Monday, March 12, 2012

What is the least you can do?

Last week we were having a discussion with my supervisor regarding what is the essential summary of all the things I had done until this point in my PhD. This is a difficult question and I will put together my answer(s) to that question in my thesis. However, this question also made me think about something else: What would be the essential recommendation that I would have for a manager? In other words, what is the least a manager could do if s/he wanted to do use some basic machine learning tricks for software effort estimation?

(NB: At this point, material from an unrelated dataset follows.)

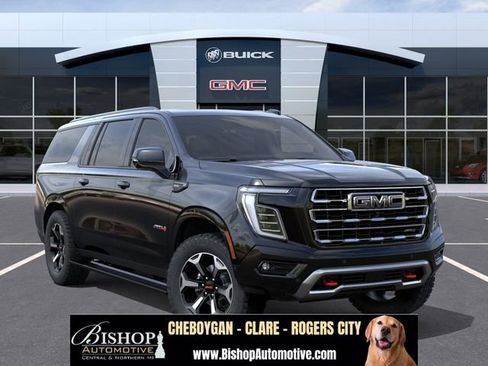 New 2026 GMC Yukon XL AT4 w/ AT4 Premium Plus Package AWD/4WD image 7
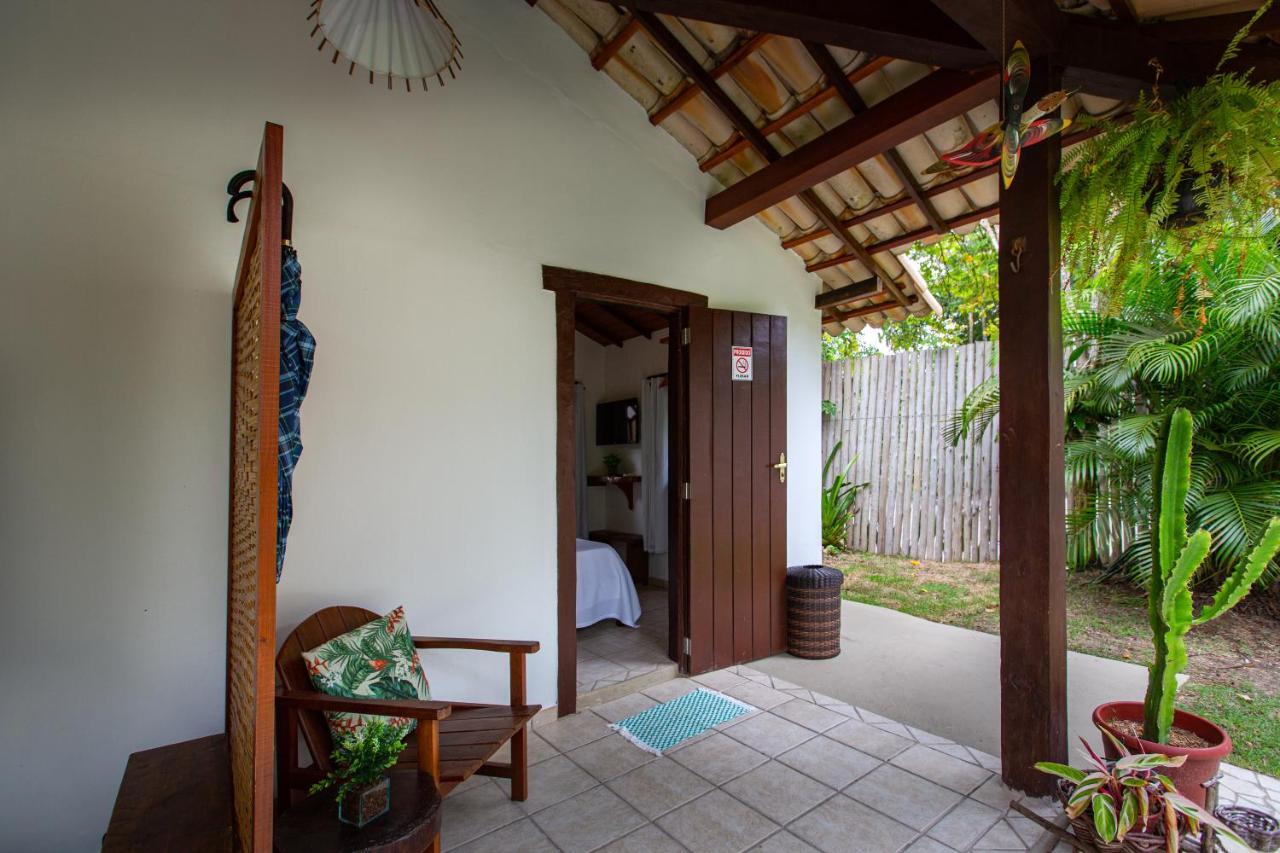 Pousada Jakuara Porto Seguro Exterior foto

Compared to the first question, the second question seems easier to me. The following sentences will be my personal recipe to a project manager willing to use a bit of machine learning in her/his estimation process. Before the recipe comes a caution: The least-you-can-do type of a recommendation will most probably not be the best performing method you can imagine. Also, there are tons of other machine learning methods you can add into this recipe, but my concern is to keep it simple and understandable by someone with no machine learning background. So here it comes:

  1. Get a piece of paper and write down a couple of properties that are important effort/cost factors for your projects: e.g. number of data bases planned to be created, number of classes planned to be written, the seniority of the people involved (one entry for each group such as programmers, analysts etc.). Those are just examples and you can increase such properties.
  2. Go through the list of the previous step and eliminate the ones that are difficult to measure or that are not really relevant to the projects. Ultimately, I would say the number of final features should not exceed 10. Regardless of which features you choose, your last feature should be the amount of time (effort) that project took. To make it universal for all your projects consider how many people worked for that project too, i.e. if the project took 5 months with 10 programmers fully dedicated to that project, then the value you are looking for is 5x10 = 50 man-months.
  3. Now we start the more technical part. Open up an excel table and write your final features as column headings. Then start filling up the values of these features for your past projects. Note that some of the features are easier to collect than the others. You probably know the exact number of classes/functions written for your past project, but putting a number on the capability of the analysts who worked for that project is more difficult. I suggest using a 1-to-5 scale for such cases, where 1 means terrible and 5 means perfect. How many past projects you should have in your excel file is an open question, but the right answer is: As many as possible.
  4. Once you have a decent table with features represented by columns and past projects represented by rows, you can make an estimate for your upcoming project (yay!!).. Here is how it works.. Add another row to your table for your new project and fill all the features except the last one, the effort value. That is what we are trying to estimate anyway.
  5. Once you have filled up the features for your new project, you will need to use a bit of your math knowledge from high school. Firstly normalize every column (except the last one, the effort column) to a 0-1 interval. Normalization is pretty straightforward: Take the max and min values of a column. Subtract the min value from every value in that column, then divide the results by the (max minus min). If everything went smoothly, your column should now only contain values between 0 and 1. If so, do this for all the columns. Remember to take a back-up, you do not want to lose the original values.
  6. This step is more tricky! We will need to calculate the Euclidean distance between the last row (your new project) and all the past projects. For the Euclidean distance calculation, we will only use the normalized features. For the sake of demonstration, let's say we have only 2 features: f1 and f2. The Euclidean distance between two projects (p1 and p2) is: square-root((p1.f1 - p2.f1)^2 + (p1.f2 - p2.f2)^2). 
  7. Once you ace the distance calculation, you know which past projects are closest to your next project. Take a look at the effort value of the first closest project, this should give you an idea. If the closest project's effort value is far off the ballpark, then also look at the second (or maybe even the third and the fourth) closest projects and take the mean of their effort values. The values you get are the recommended practices of many software effort estimation papers. 
  8. Another thing to look is the difference between the features. It is not the case that the closest past project is exactly the same as your next project. See the differences and try to interpret how these differences would affect the effort/cost.
That is all! There you have yourself a k-nearest-neighbor (a.k.a. k-NN) algorithm and a nice data set that you can analyze. I know it sounds like it is a lot of hustle, but once you do it you will realize that it is really not a big deal. If you want to further dig into the details of the above method, the buzzwords you should be searching for in GoogleScholar are: "analogy-based estimation", "estimation by analogy", "software effort estimation".